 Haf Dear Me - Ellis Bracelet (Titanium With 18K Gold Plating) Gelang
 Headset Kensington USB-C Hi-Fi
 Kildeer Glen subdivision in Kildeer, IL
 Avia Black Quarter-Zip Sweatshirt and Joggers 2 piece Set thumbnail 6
--
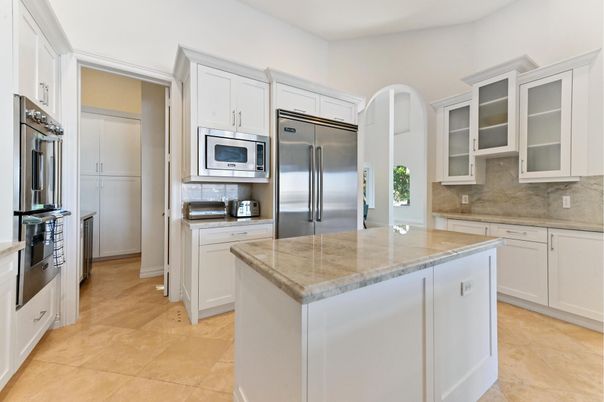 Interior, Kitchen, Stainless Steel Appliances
...
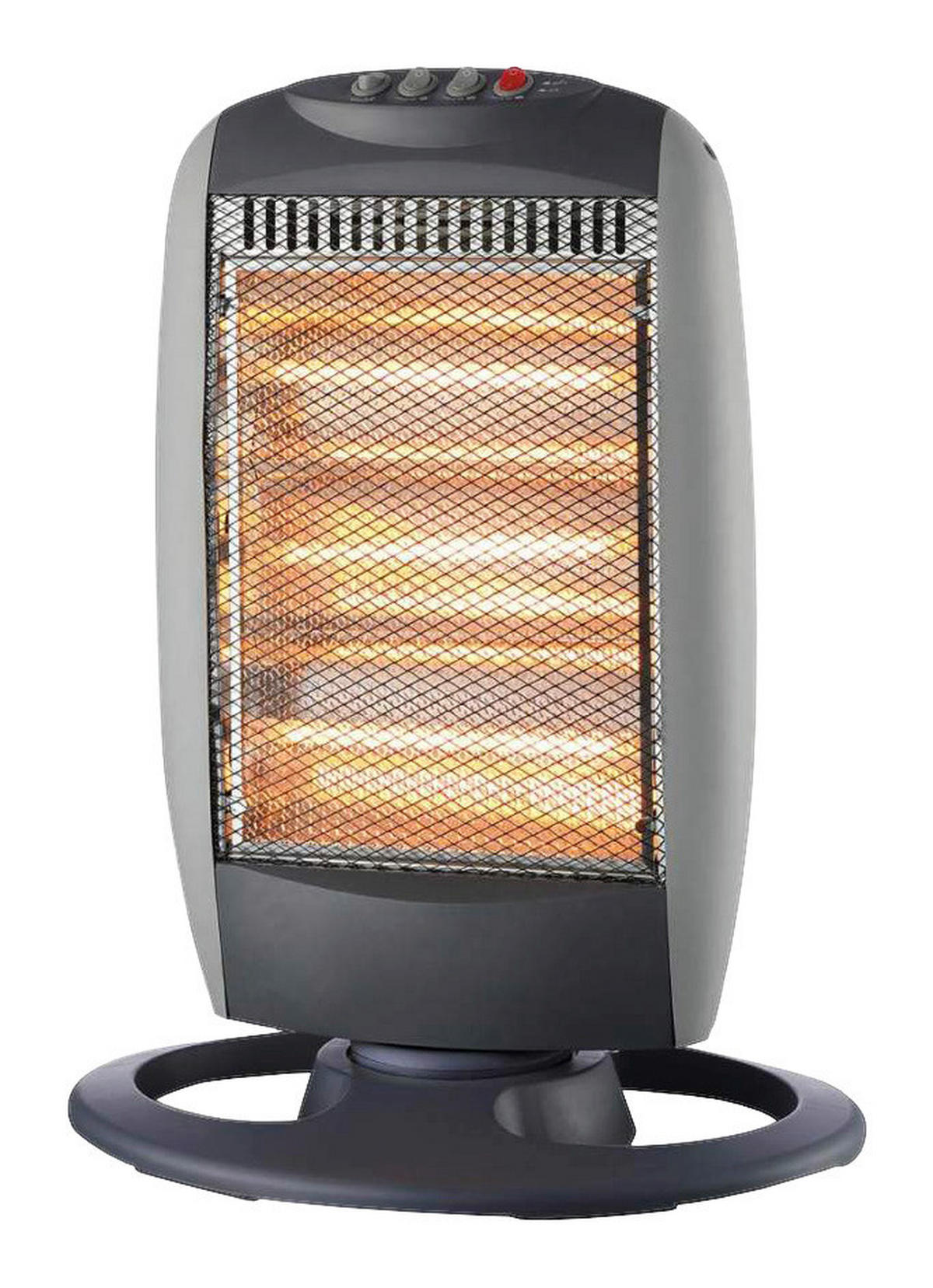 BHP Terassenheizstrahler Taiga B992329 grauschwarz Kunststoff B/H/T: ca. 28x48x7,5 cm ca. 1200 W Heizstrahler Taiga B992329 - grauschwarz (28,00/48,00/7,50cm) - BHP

:: Action item ::
Copy only this part of the entries above: the line with "Kildeer Glen subdivision in Kildeer, IL", the line with "Avia Black Quarter-Zip", and the lines between, all exactly as written.

:: Completed task ::
 Kildeer Glen subdivision in Kildeer, IL
 Avia Black Quarter-Zip Sweatshirt and Joggers 2 piece Set thumbnail 6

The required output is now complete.